KELOWNA – NDP leader Adrian Dix unveiled a forestry plan that was most striking for its lack of policy detail – except for a commitment to growing the size of government.
“We’ve been for waiting for a long time for the NDP to actually tell people what they are going to do and that was missing today,” says Forests Minister Steve Thomson. “The NDP’s forestry critic Norm Macdonald told said we wouldn’t see any details of their plans until after they “have a mandate,” it is clear from today’s photo-op that we will still have to wait for details.”
“Today’s photo-op by Adrian Dix was just re-announcing promises. The only new detail Dix revealed is a promise to recreate the 1990s Jobs Protection Commissioner, which forestry workers will need under an NDP government just like they did last time.”
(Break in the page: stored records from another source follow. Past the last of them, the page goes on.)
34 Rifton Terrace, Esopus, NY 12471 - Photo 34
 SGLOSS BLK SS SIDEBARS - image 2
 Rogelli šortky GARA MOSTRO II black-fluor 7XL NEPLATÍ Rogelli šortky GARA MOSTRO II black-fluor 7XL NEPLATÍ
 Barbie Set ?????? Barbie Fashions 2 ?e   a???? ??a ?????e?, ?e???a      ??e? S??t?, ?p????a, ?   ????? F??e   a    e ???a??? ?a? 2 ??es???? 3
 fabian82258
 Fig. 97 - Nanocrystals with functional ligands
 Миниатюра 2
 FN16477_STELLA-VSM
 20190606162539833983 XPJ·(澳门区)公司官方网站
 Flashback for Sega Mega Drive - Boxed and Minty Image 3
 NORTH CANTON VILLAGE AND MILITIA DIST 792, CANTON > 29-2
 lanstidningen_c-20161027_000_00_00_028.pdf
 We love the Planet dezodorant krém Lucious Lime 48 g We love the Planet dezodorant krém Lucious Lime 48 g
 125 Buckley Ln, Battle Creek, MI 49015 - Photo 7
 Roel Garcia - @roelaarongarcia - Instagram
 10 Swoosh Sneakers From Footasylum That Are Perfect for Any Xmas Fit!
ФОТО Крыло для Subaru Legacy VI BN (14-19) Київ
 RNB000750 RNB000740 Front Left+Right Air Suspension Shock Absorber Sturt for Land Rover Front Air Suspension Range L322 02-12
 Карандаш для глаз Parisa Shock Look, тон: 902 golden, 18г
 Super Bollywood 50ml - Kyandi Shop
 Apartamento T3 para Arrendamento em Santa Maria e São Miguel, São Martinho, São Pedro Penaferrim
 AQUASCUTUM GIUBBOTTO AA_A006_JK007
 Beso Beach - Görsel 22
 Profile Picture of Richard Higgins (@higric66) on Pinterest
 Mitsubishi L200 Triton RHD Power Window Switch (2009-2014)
Under skills training, Dix again talked the talk but offered no specifics about what he would do.
Under log exports, no mention of what actions and NDP government would take and how many people currently working in the forests would lose their job. And telling there was no mention of his leadership promise to introduce “a major increase in the provincial fees levied on raw logs.”
Under their $100-million a year forestry health plan, Dix again failed to tell British Columbian’s how they would pay for it.
“After months of delay, I think British Columbians were expecting more,” said Thomson. “We’ve offered a detailed plan – whether its skills training, the BC Jobs Plan or our forestry plan. People know we’re about growing the economy and now we see the NDP are about growing government.”
While Dix did endorse the BC Liberals commitment to opening new markets, the NDP’s record tells a different.
“The NDP created the Jobs and Timber Accord and we lost 13,000 jobs and they created the Forest Practices Code that cost industry more than a billion dollars,” says Thomson. “We’ve taken a different approach and are working with industry. In particular, working to diversify our markets and as a result we’ve seen B.C. forest product sales clear $3 billion in 2012, which means a dozen mills are operating almost entirely because of exports to China.”